═════ Working data

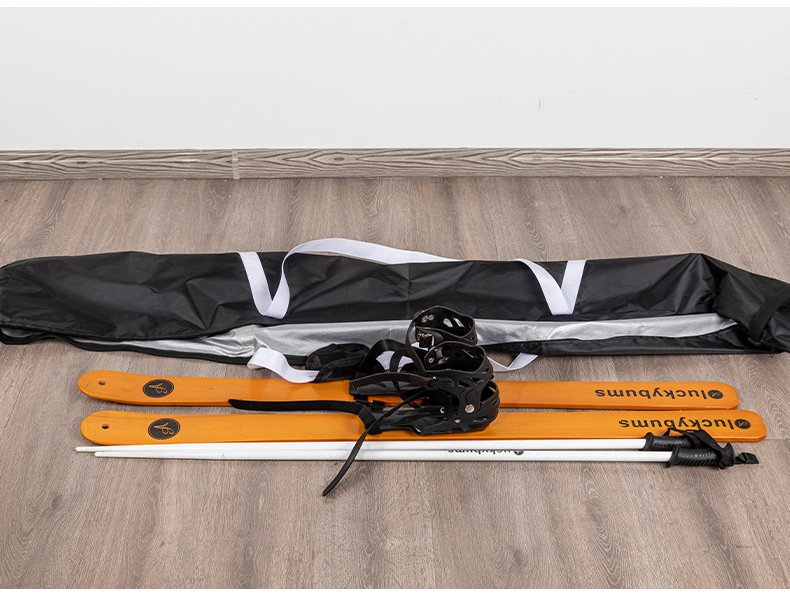 Nice Bags opened black ski bag laid flat with pair of wooden skis and ski poles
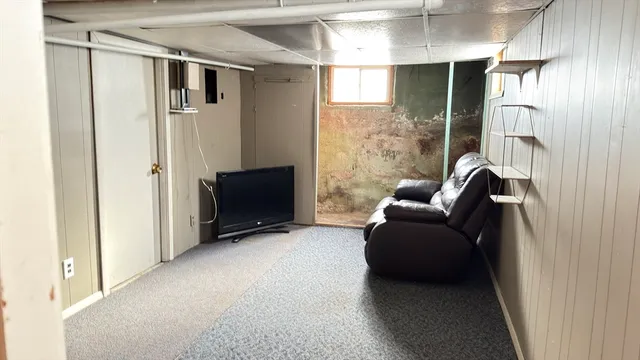 a view of an empty room with a fireplace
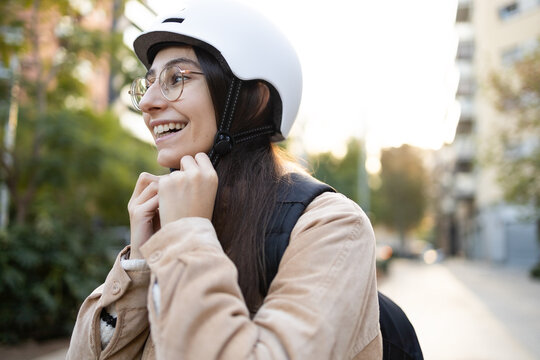 Smiling woman fastening helmet in urban setting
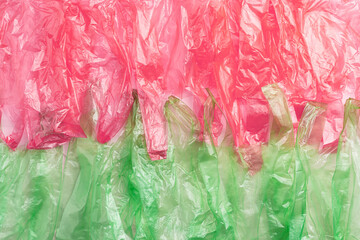 Plastic bags texture, top view crumpled plastic bag crumpled, pink and green colored textured background. Surface from Disposable polythene packet. Reusable materials, packaging waste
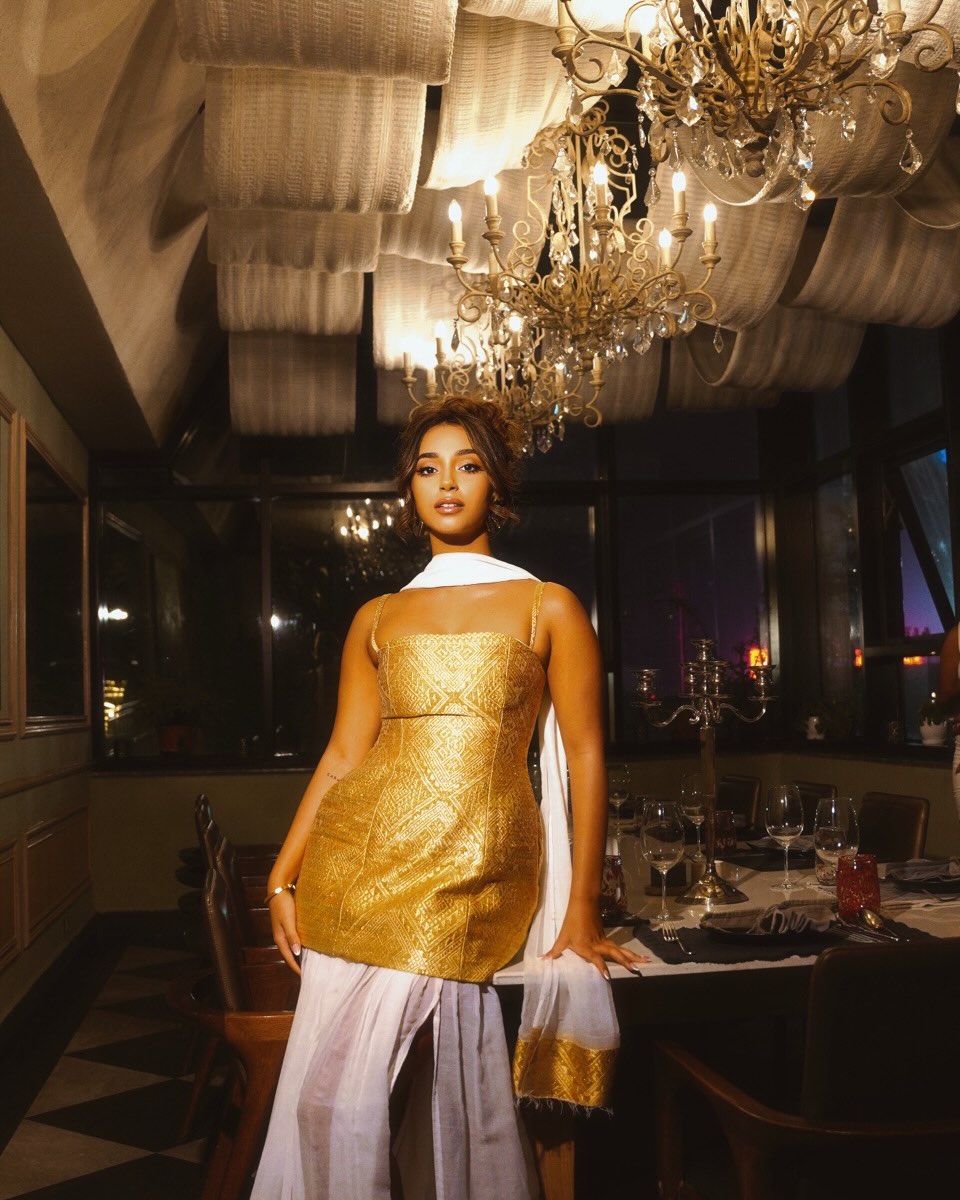 A woman stands in a dimly lit restaurant or event space wearing a metallic gold sleeveless Habesha Dress  with a white draped scarf and light lavender skirt. Large chandeliers, tables, and dark windows are visible in the background.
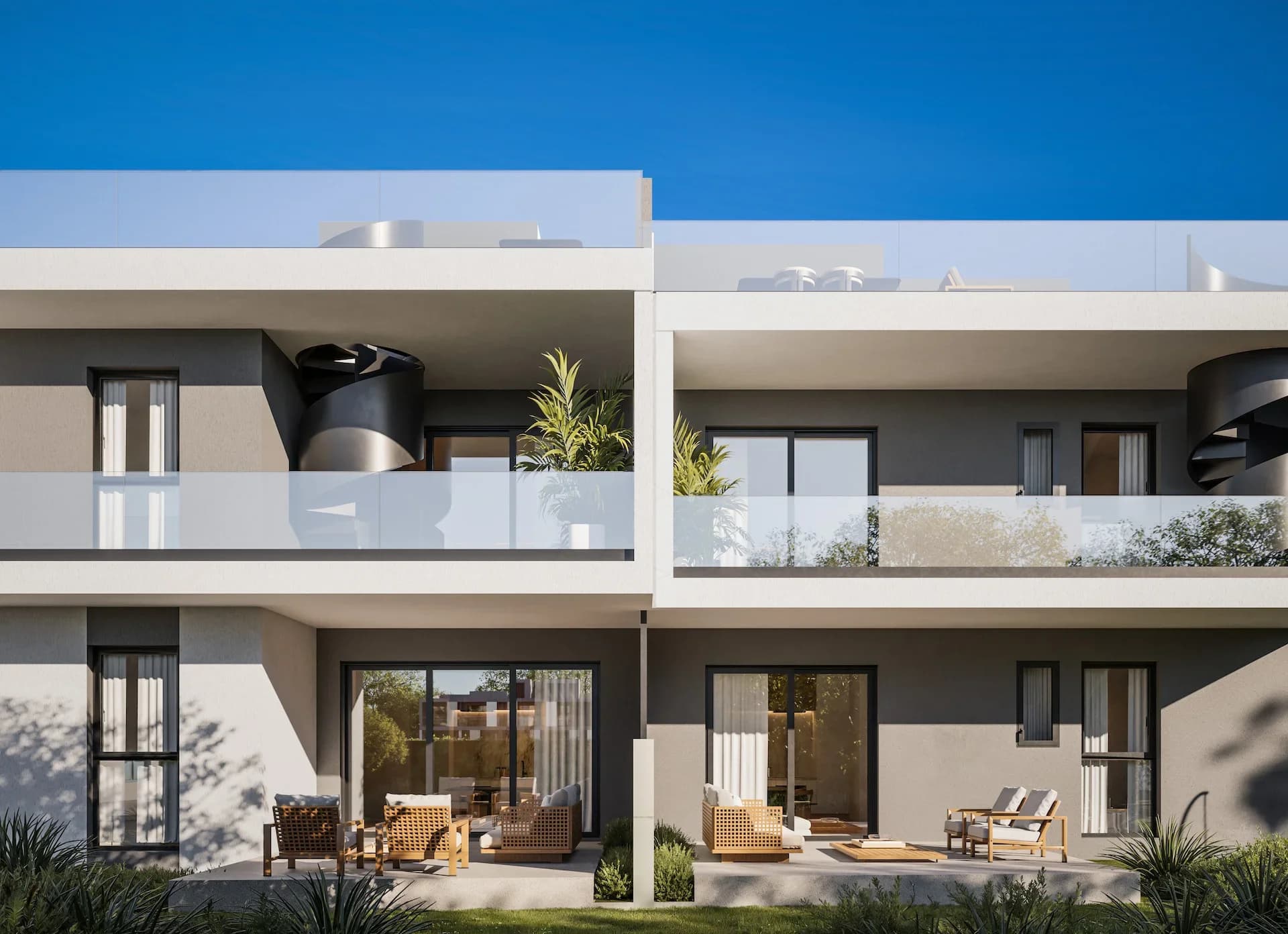 ZAYA balconies with glass railings and black spiral stairs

══════════

Task description:
Give back the listing exactly, with the pictures removed.

Answer to the exercise:
 Nice Bags opened black ski bag laid flat with pair of wooden skis and ski poles
 a view of an empty room with a fireplace
 Smiling woman fastening helmet in urban setting
 Plastic bags texture, top view crumpled plastic bag crumpled, pink and green colored textured background. Surface from Disposable polythene packet. Reusable materials, packaging waste
 A woman stands in a dimly lit restaurant or event space wearing a metallic gold sleeveless Habesha Dress  with a white draped scarf and light lavender skirt. Large chandeliers, tables, and dark windows are visible in the background.
 ZAYA balconies with glass railings and black spiral stairs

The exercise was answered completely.